You are viewing a plain text version of this content. The canonical link for it is here.
Posted to issues@flink.apache.org by twalthr <gi...@git.apache.org> on 2018/02/23 09:17:51 UTC

[GitHub] flink pull request #5567: [FLINK-8451] [serializers] Make Scala tuple serial...

GitHub user twalthr opened a pull request:

    https://github.com/apache/flink/pull/5567

    [FLINK-8451] [serializers] Make Scala tuple serializer deserialization more failure tolerant

    ## What is the purpose of the change
    
    Scala tuples (and thus also case classes) classes are serialized together with their serializers. The `serialVersionUID` changed from Scala 2.10 to 2.11. We need to ignore those changes when reading a serializer config snapshot.
    
    
    ## Brief change log
    
    - Make deserialization more failure tolerant
    
    ## Verifying this change
    
    - See `org.apache.flink.api.scala.runtime.TupleSerializerCompatibilityTest`
    
    ## Does this pull request potentially affect one of the following parts:
    
      - Dependencies (does it add or upgrade a dependency): no
      - The public API, i.e., is any changed class annotated with `@Public(Evolving)`: no
      - The serializers: yes
      - The runtime per-record code paths (performance sensitive): no
      - Anything that affects deployment or recovery: JobManager (and its components), Checkpointing, Yarn/Mesos, ZooKeeper: no
      - The S3 file system connector: no
    
    ## Documentation
    
      - Does this pull request introduce a new feature? (yes / no)
      - If yes, how is the feature documented? (not applicable / docs / JavaDocs / not documented)
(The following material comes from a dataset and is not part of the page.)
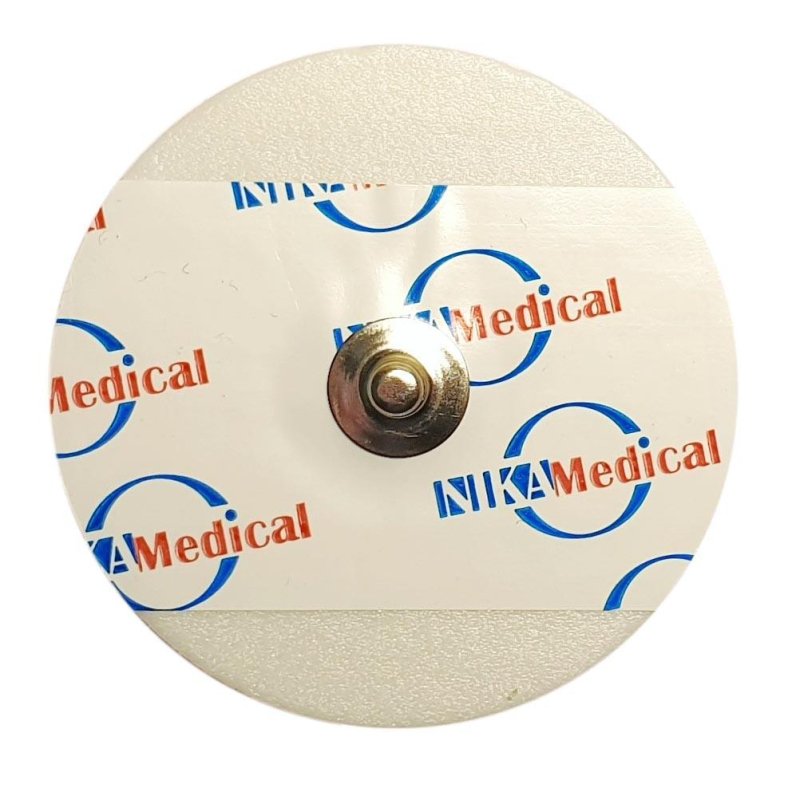 превью Электроды для ЭКГ однораз. D 50мм, тверд. гель, НИКА МЕДИКАЛ NM-50, 30 шт/уп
You can merge this pull request into a Git repository by running:

    $ git pull https://github.com/twalthr/flink FLINK-8451

Alternatively you can review and apply these changes as the patch at:

    https://github.com/apache/flink/pull/5567.patch

To close this pull request, make a commit to your master/trunk branch
with (at least) the following in the commit message:

    This closes #5567
    
----
commit 3855837fe3d79c473c59ad892daabbb45f711c47
Author: Timo Walther <tw...@...>
Date:   2018-02-22T16:22:54Z

    [FLINK-8451] [serializers] Make Scala tuple serializer deserialization more failure tolerant

----


---

[GitHub] flink pull request #5567: [FLINK-8451] [serializers] Make Scala tuple serial...

Posted by aljoscha <gi...@git.apache.org>.
Github user aljoscha commented on a diff in the pull request:

    https://github.com/apache/flink/pull/5567#discussion_r171212166
  
    --- Diff: flink-core/src/main/java/org/apache/flink/util/InstantiationUtil.java ---
    @@ -113,18 +113,61 @@ public ClassLoaderObjectInputStream(InputStream in, ClassLoader classLoader) thr
     	 *
     	 * <p>This can be removed once 1.2 is no longer supported.
     	 */
    -	private static Set<String> scalaSerializerClassnames = new HashSet<>();
    +	private final static Set<String> scalaSerializerClassnames = new HashSet<>();
     	static {
     		scalaSerializerClassnames.add("org.apache.flink.api.scala.typeutils.TraversableSerializer");
     		scalaSerializerClassnames.add("org.apache.flink.api.scala.typeutils.CaseClassSerializer");
     		scalaSerializerClassnames.add("org.apache.flink.api.scala.typeutils.EitherSerializer");
     		scalaSerializerClassnames.add("org.apache.flink.api.scala.typeutils.EnumValueSerializer");
     		scalaSerializerClassnames.add("org.apache.flink.api.scala.typeutils.OptionSerializer");
     		scalaSerializerClassnames.add("org.apache.flink.api.scala.typeutils.TrySerializer");
    -		scalaSerializerClassnames.add("org.apache.flink.api.scala.typeutils.EitherSerializer");
    --- End diff --
    
    Why is this removed?


---

[GitHub] flink issue #5567: [FLINK-8451] [serializers] Make Scala tuple serializer de...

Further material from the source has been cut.